▶ ACTION ITEM
Word for word, restate the records that come next, omitting the images.

= = = =

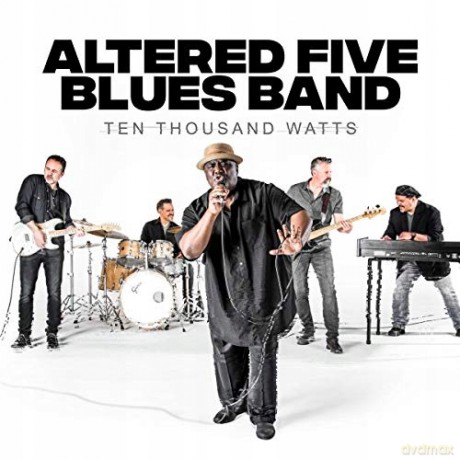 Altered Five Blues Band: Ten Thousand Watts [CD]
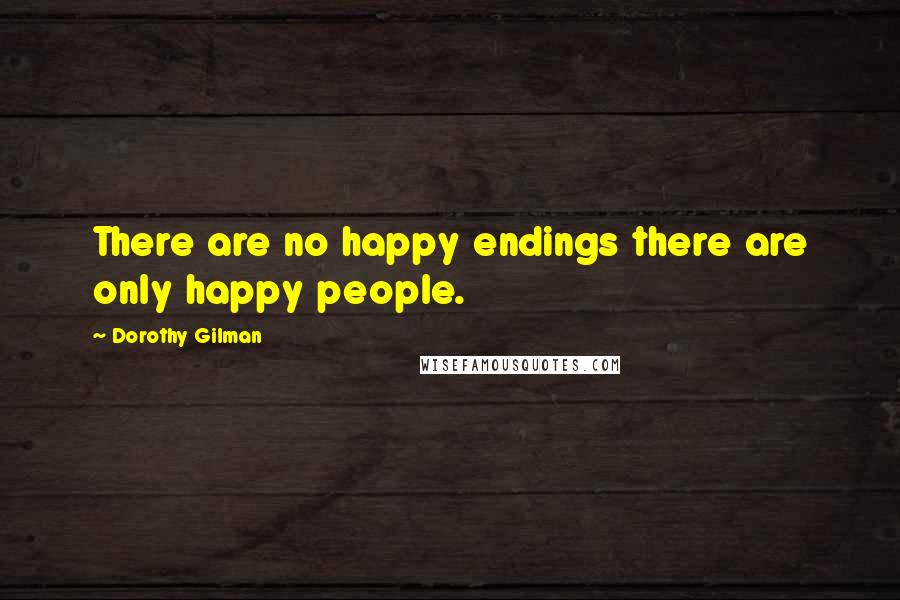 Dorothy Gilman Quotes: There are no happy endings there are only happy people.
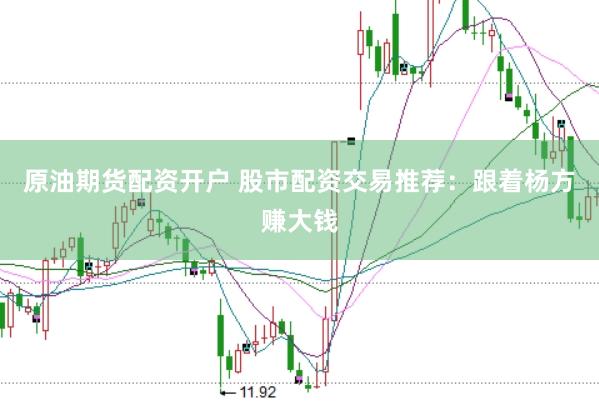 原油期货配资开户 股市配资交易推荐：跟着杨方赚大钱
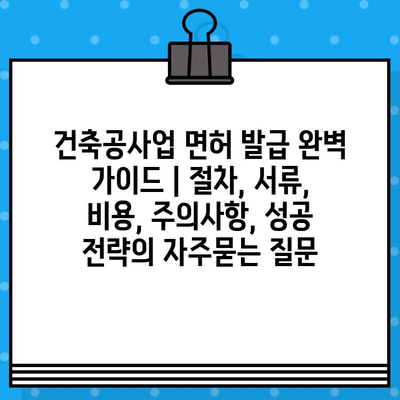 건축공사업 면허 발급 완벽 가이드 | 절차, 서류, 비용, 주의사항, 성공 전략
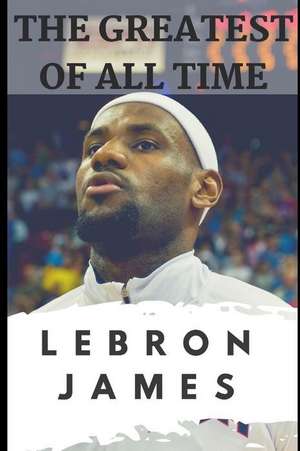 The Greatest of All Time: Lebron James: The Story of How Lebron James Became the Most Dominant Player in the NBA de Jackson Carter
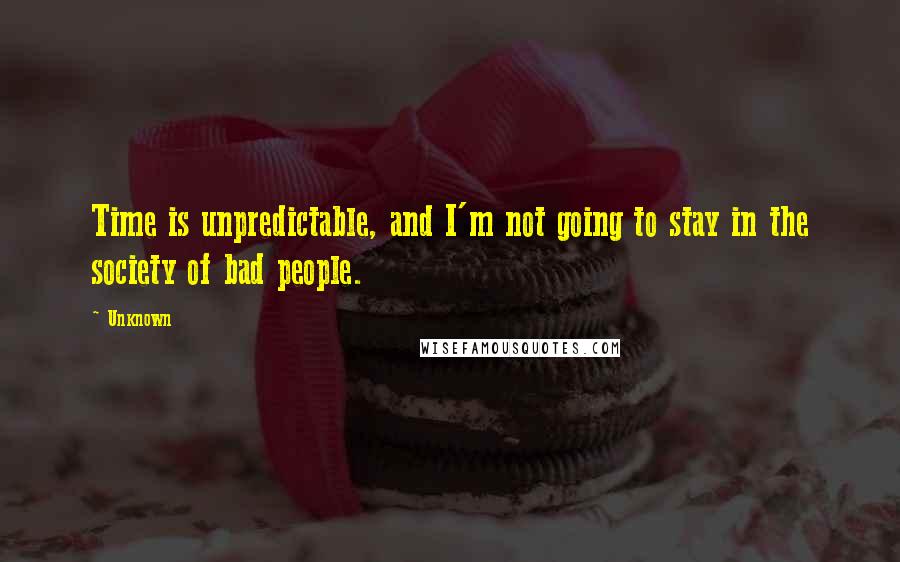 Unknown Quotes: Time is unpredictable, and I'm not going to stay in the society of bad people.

= = = =

▶ YOUR SOLUTION
 Altered Five Blues Band: Ten Thousand Watts [CD]
 Dorothy Gilman Quotes: There are no happy endings there are only happy people.
 原油期货配资开户 股市配资交易推荐：跟着杨方赚大钱
 건축공사업 면허 발급 완벽 가이드 | 절차, 서류, 비용, 주의사항, 성공 전략
 The Greatest of All Time: Lebron James: The Story of How Lebron James Became the Most Dominant Player in the NBA de Jackson Carter
 Unknown Quotes: Time is unpredictable, and I'm not going to stay in the society of bad people.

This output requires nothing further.